We developed a protease-resistant dual GLP1R/GCGR agonist, DualAG, and a corresponding GLP1R-selective agonist, GLPAG, matched for GLP1R agonist potency and pharmacokinetics. The metabolic effects of these two peptides with respect to weight loss, caloric reduction, glucose control, and lipid lowering, were compared upon chronic dosing in diet-induced obese (DIO) mice. Acute studies in DIO mice revealed metabolic pathways that were modulated independent of weight loss. Studies in Glp1r(-/-) and Gcgr(-/-) mice enabled delineation of the contribution of GLP1R versus GCGR activation to the pharmacology of DualAG.

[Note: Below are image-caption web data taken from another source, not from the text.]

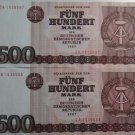 GERMANY 2X500 MARK BANKNOTES 1985 ZA REPLACEMENT DDR UNC CONDITION CONSECUTIVE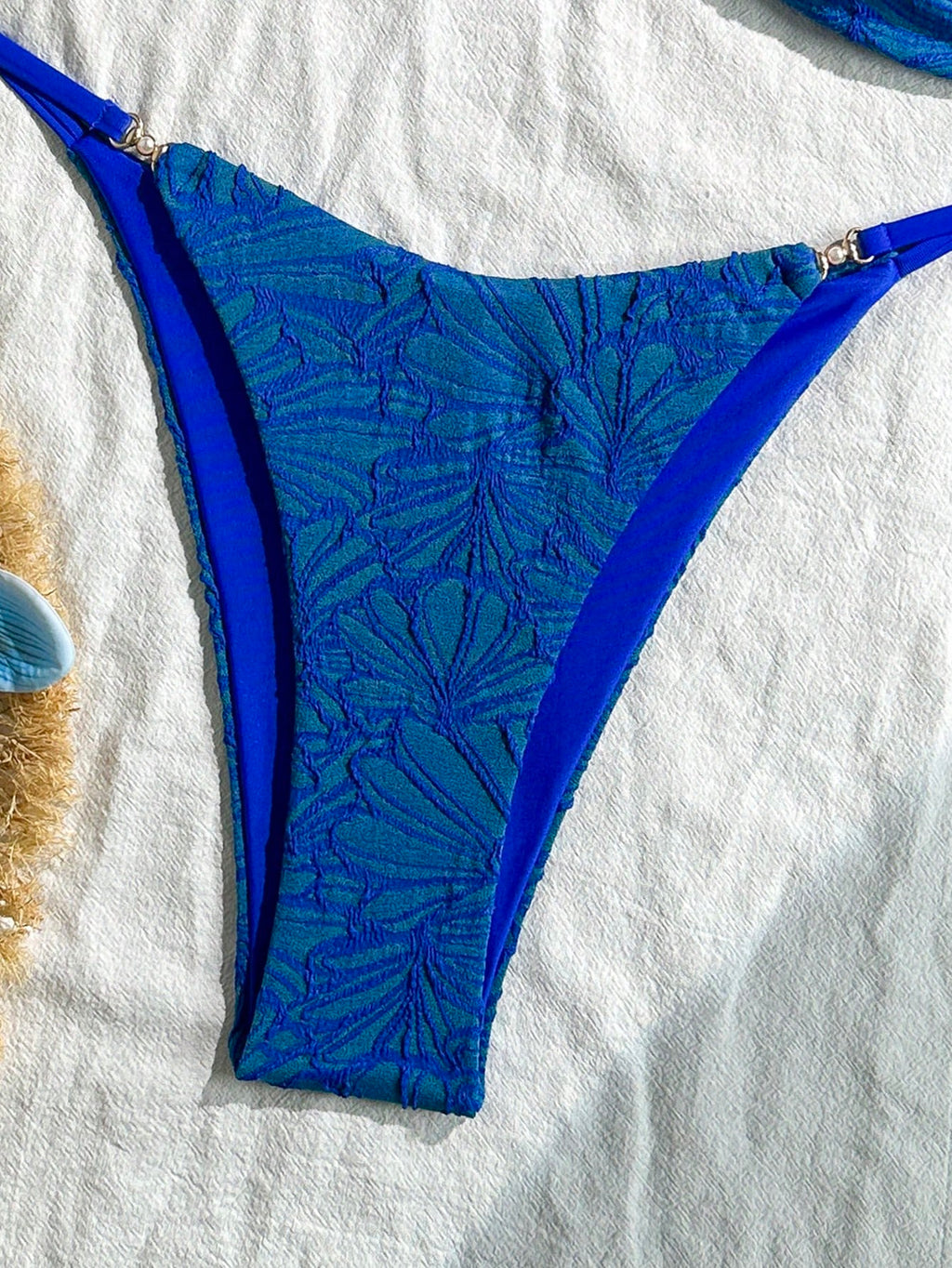 Swim Vcay 2pcs/Set Summer Vacation Textured Fabric, Spaghetti Strap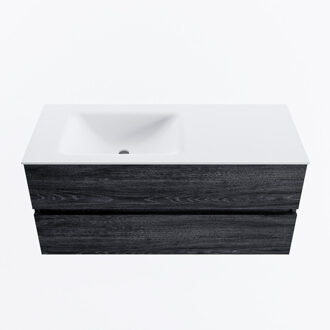 Mondiaz VICA 110cm badmeubel onderkast Antracite 2 lades. Wastafel CLOUD links zonder kraangat, kleur Talc.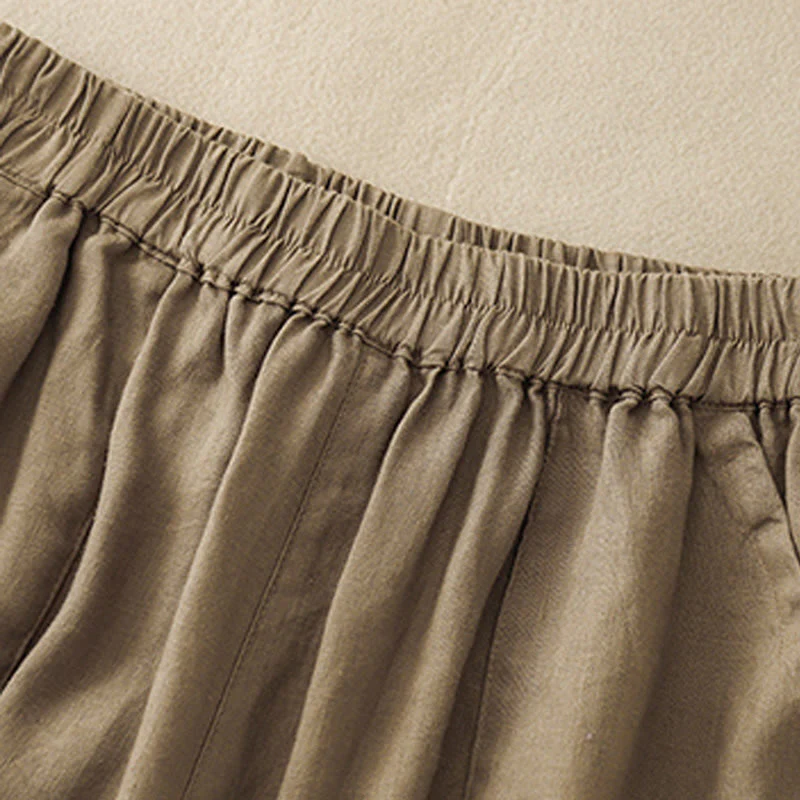 Pantaloncini dritti elastici da donna Buddha Stones, casual estivi, in cotone e lino, con tasche - Image 5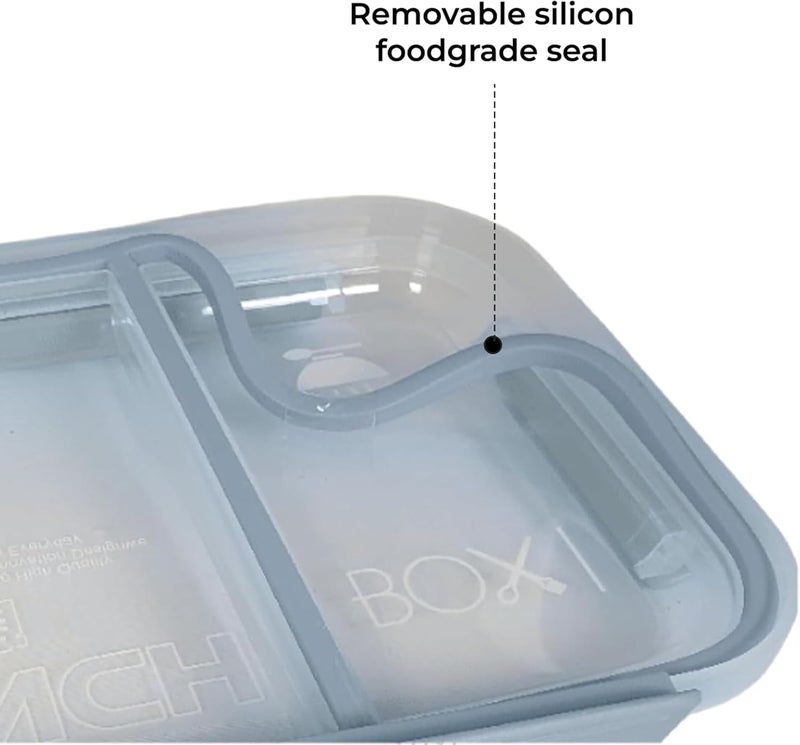 BrainGiggles Stainless Steel Bento Box – Blue Lunch Box for Adults and Kids with 2 Compartments | Leakproof, Insulated, 750ml Lunchbox | Dishwasher Safe Tiffin Box for School, Office & Travel - Image 4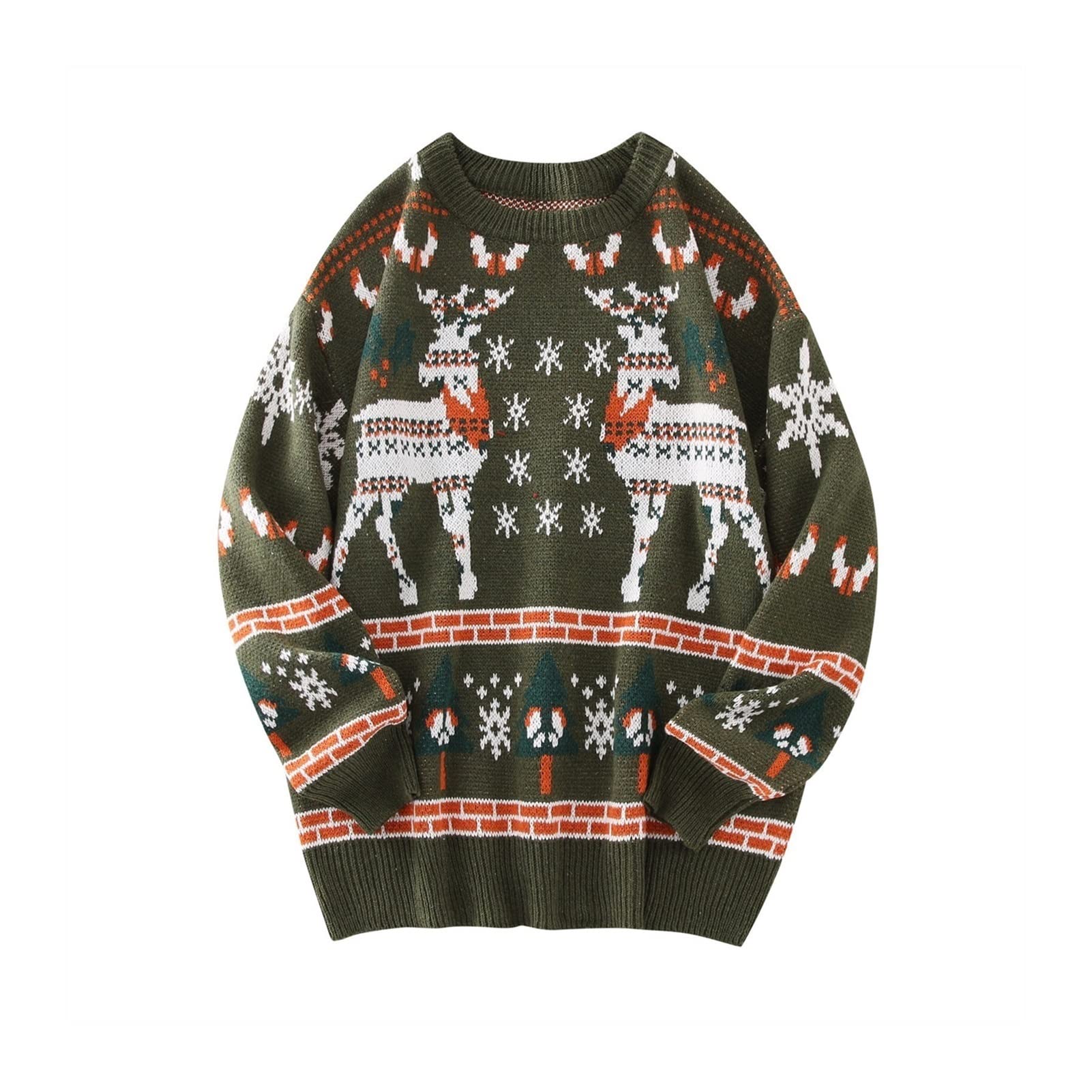 Świąteczny sweter miękki dzianinowy męski dzianinowy brzydki świąteczny nadruk jelenia sweter sweter na co dzień sweter moda uliczna długi rękaw okrągły dekolt dzianinowy sweter bluzka wąski sweter dżentelmen outdoorowy sweter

Peptide DualAG exhibits superior weight loss, lipid-lowering activity, and antihyperglycemic efficacy comparable to GLPAG. Improvements in plasma metabolic parameters including insulin, leptin, and adiponectin were more pronounced upon chronic treatment with DualAG than with GLPAG. Dual receptor agonism also increased fatty acid oxidation and reduced hepatic steatosis in DIO mice. The antiobesity effects of DualAG require activation of both GLP1R and GCGR.
Sustained GLP1R/GCGR dual agonism reverses obesity in DIO mice and is a novel therapeutic approach to the treatment of obesity.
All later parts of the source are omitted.